Synthetic collateralized debt obligations with callable features are taking off in Asia as investors look toward longer-dated deals. The callability is making investors more comfortable in venturing out past the normal five year limits. "As clients are extending into seven and 10-year trades this is a way to reducing the full maturity risk," explained a credit head at a U.S. house in Hong Kong.
The shift is being driven by investors seeking additional returns farther along the curve than the traditional five-year single-tranche deals. "The bottom line for a lot of clients is they can pick up some extra yield," said a senior credit marketer at a bulge bracket bank.
Also, firms are better able to meet the appetite for callability because they are more confident in their modeling and hedging ability. Previously firms were structuring deals with hefty margins to compensate for rough models and the pricing dissuaded investors.
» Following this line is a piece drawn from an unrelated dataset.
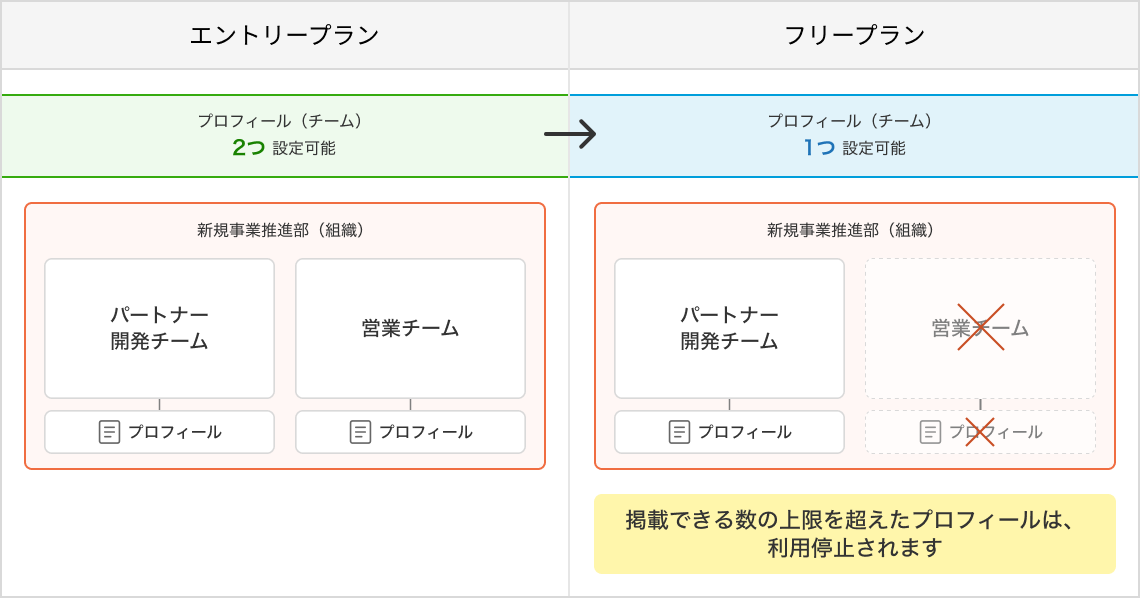 4.3. 下位プランへの変更時の注意事項 の説明図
Improved models have allowed firms to offer more attractive prices.
Among the deals is a Morgan Stanley nine-year Australian dollar-denominated synthetic CDO that is callable after three-years and is managed by Singapore's UOB Asset Management--totaling AUD75 million (USD57.4 million) in notes. Last week the deal, which is still being finalized, was assigned AAA and AA- for two classes of notes by Standard & Poor's. It references 125 global credits. Robert Breden, head of Asian investment grade trading and structuring at Morgan Stanley in Hong Kong, could not be reached by press time.
Such deals are also filtering into the Japanese market, where CDO issuance on domestic corporate default-swaps has been limited in recent years due to the persistence of tight spreads. "We're starting to see callable and forward-starting features in CDOs as investors need to hit yield targets," said Ichinori Kitahara, chief analyst structured finance ratings division at Ratings and Investment Information in Tokyo.